▸ **Exercise description**
Below are the records. Reproduce exactly the lines from the one containing "Villa Chrysodimi Chalki Town Luaran gambar" through the final line, and omit any pictures.

[Short descriptive text snippets]
-- Opening Marker --

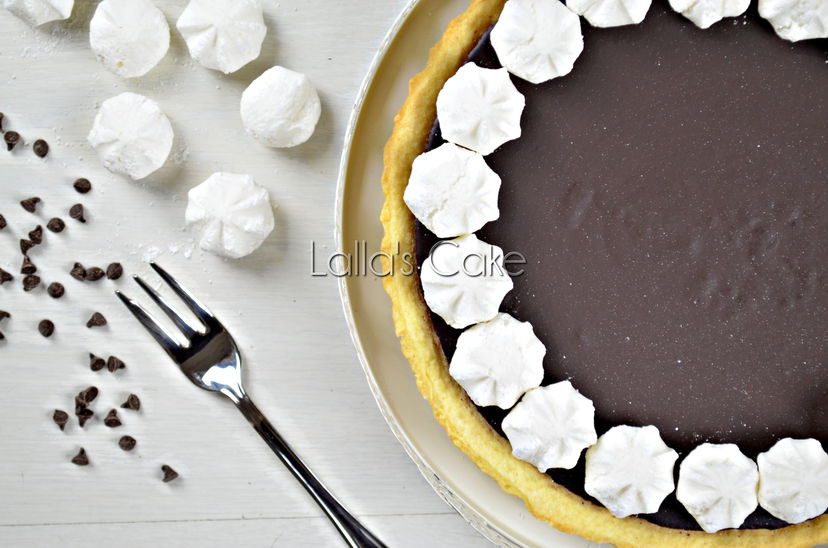 Crostata con ganache al cioccolato fondente e meringhe preview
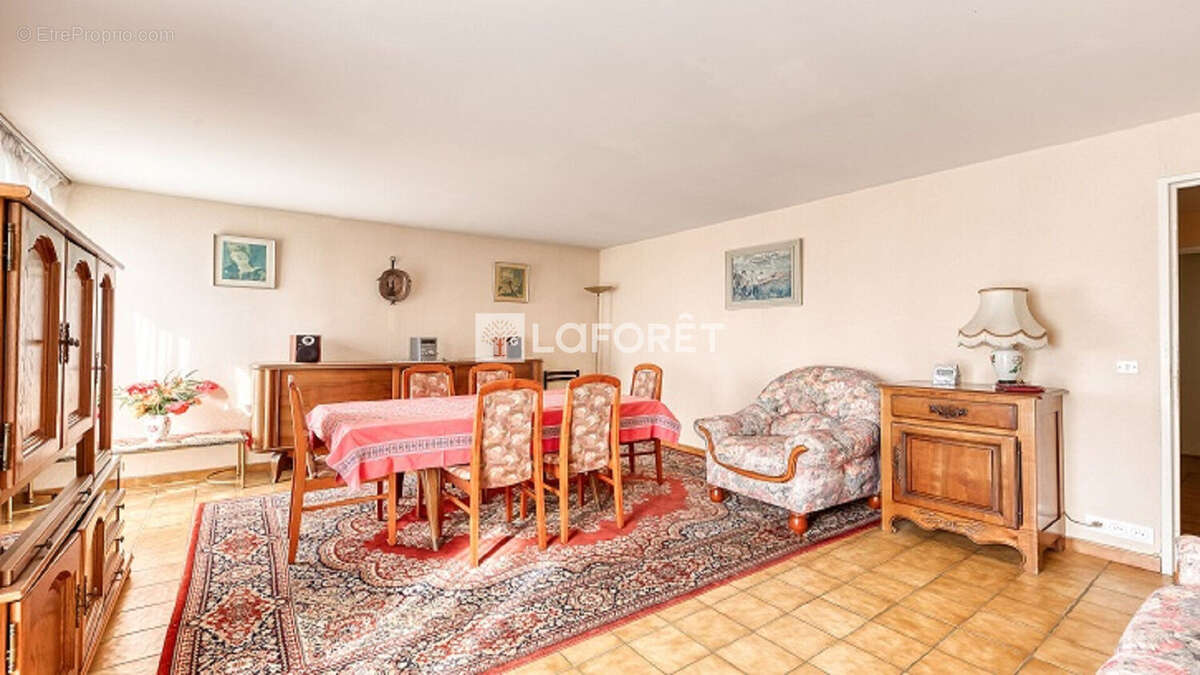 Appartement à ROISSY-EN-BRIE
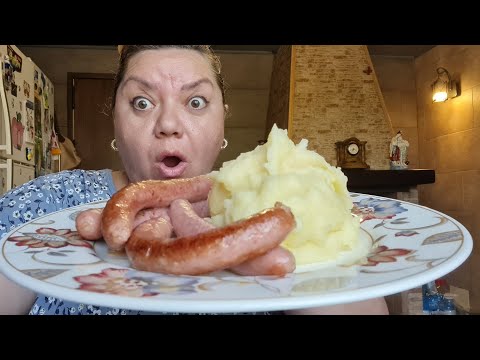 Видео: МУКБАНГ 🍽 САМАЯ ДЕШЁВАЯ ЕДА 😋 ПЮРЕ 1 КИЛОГРАММ И 2 КИЛОГРАММОВ СОСИСКИ 🙉 MUKBANG🍴bangets and mash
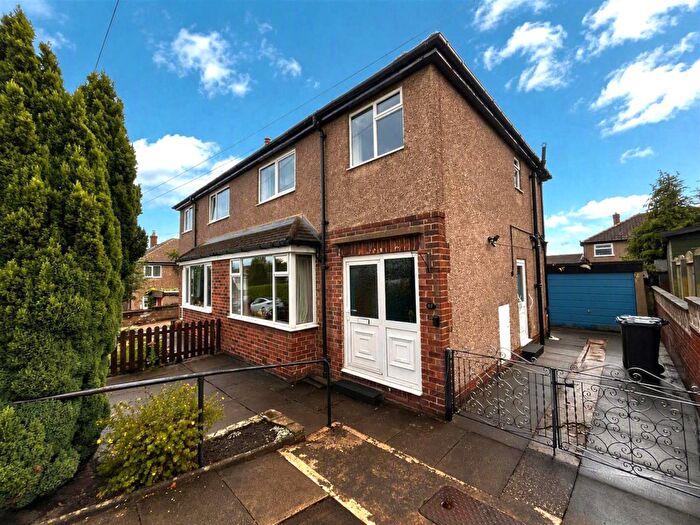 3 Bedroom Semi-Detached House For Sale In Warrenside, Huddersfield, HD2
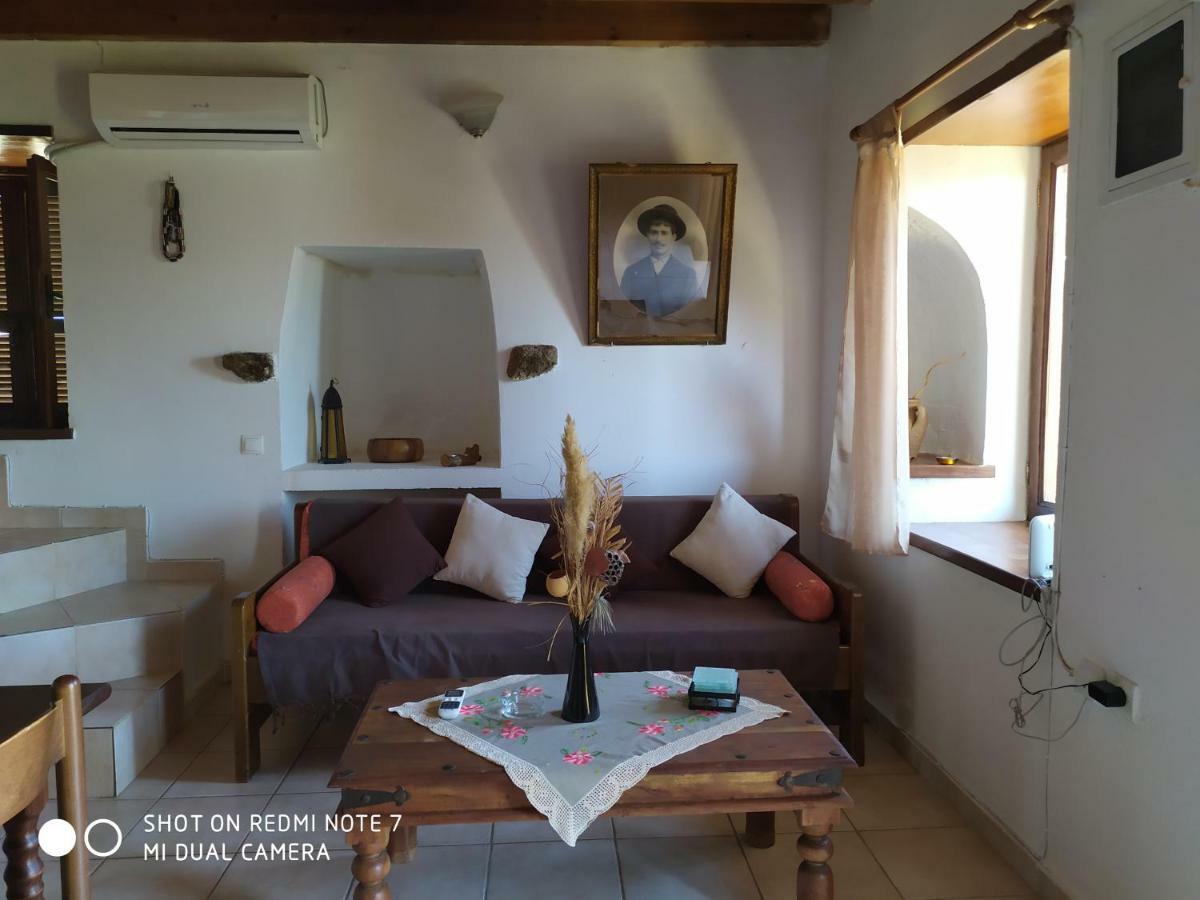Villa Chrysodimi Chalki Town Luaran gambar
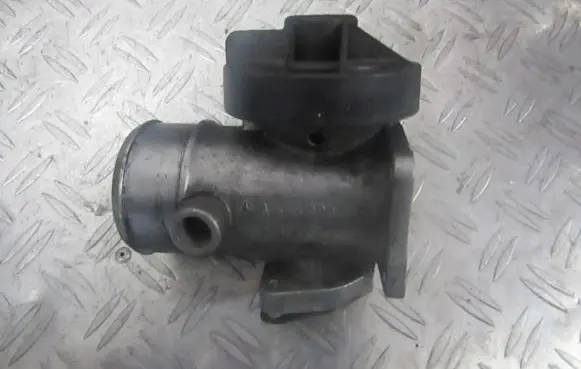 Mercedes-Benz A W168 EGR valve a6680900454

-- Closing Marker --

▸ **Task output**
Villa Chrysodimi Chalki Town Luaran gambar
 Mercedes-Benz A W168 EGR valve a6680900454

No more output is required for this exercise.